To do
Two lines in the data below mark the range: the one with "a table topped" and the one with "PIN CHANEL in". Return both, along with every line between them, exactly.

Available records

━━━━━━━━

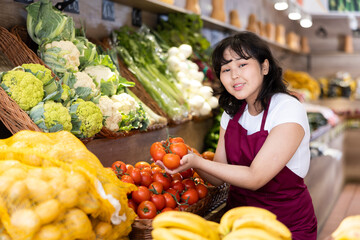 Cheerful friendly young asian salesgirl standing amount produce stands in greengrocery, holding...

━━━━━━━━

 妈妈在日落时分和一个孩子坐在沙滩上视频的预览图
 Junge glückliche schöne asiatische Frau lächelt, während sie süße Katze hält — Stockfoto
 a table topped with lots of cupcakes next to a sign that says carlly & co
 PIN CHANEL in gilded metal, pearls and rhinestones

━━━━━━━━

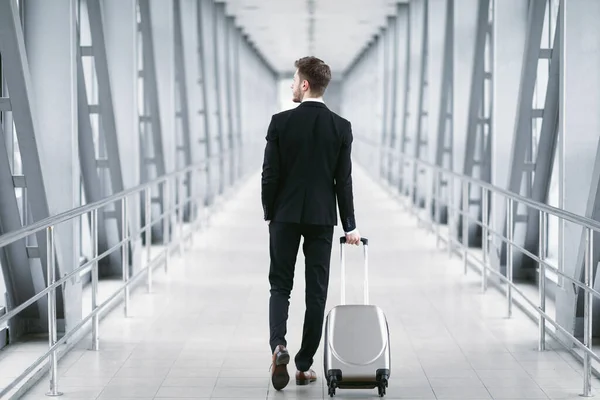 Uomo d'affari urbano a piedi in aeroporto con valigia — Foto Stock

━━━━━━━━

Reply
 a table topped with lots of cupcakes next to a sign that says carlly & co
 PIN CHANEL in gilded metal, pearls and rhinestones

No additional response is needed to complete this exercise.